- _Supplied records_
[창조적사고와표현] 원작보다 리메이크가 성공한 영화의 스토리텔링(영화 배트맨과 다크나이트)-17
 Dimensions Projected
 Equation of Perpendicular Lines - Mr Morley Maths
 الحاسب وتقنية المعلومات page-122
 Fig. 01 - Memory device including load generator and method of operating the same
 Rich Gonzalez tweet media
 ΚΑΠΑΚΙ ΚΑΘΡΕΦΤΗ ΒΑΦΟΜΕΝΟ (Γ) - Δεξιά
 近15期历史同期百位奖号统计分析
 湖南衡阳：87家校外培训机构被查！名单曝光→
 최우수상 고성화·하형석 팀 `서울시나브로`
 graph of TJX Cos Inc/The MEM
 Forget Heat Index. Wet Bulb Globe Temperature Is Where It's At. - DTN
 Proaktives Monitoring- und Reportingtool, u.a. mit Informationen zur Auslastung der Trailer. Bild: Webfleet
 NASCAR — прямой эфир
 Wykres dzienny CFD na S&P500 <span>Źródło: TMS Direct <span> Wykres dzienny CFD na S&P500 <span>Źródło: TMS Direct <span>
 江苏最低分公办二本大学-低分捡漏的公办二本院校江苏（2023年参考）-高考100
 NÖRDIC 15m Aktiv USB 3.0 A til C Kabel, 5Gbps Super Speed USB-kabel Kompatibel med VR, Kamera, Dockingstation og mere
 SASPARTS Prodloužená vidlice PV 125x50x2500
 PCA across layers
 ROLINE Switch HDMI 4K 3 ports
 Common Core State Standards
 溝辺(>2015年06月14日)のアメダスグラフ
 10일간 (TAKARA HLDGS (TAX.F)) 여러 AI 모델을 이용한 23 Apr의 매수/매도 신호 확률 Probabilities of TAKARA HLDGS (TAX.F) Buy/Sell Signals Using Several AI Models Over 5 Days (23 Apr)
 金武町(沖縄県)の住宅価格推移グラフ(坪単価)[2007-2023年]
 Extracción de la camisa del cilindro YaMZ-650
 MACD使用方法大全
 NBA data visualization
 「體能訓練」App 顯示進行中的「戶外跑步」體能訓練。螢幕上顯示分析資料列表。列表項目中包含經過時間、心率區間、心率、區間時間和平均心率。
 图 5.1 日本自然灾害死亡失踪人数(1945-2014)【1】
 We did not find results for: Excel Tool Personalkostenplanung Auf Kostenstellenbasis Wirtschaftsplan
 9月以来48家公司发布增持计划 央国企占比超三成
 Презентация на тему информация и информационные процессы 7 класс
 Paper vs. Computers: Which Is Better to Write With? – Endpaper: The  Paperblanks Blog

- _Instructions for the task_
Lines from the beginning of the data above through the line containing "NASCAR — прямой эфир" are to be returned exactly, and no others.

- _Response area_
[창조적사고와표현] 원작보다 리메이크가 성공한 영화의 스토리텔링(영화 배트맨과 다크나이트)-17
 Dimensions Projected
 Equation of Perpendicular Lines - Mr Morley Maths
 الحاسب وتقنية المعلومات page-122
 Fig. 01 - Memory device including load generator and method of operating the same
 Rich Gonzalez tweet media
 ΚΑΠΑΚΙ ΚΑΘΡΕΦΤΗ ΒΑΦΟΜΕΝΟ (Γ) - Δεξιά
 近15期历史同期百位奖号统计分析
 湖南衡阳：87家校外培训机构被查！名单曝光→
 최우수상 고성화·하형석 팀 `서울시나브로`
 graph of TJX Cos Inc/The MEM
 Forget Heat Index. Wet Bulb Globe Temperature Is Where It's At. - DTN
 Proaktives Monitoring- und Reportingtool, u.a. mit Informationen zur Auslastung der Trailer. Bild: Webfleet
 NASCAR — прямой эфир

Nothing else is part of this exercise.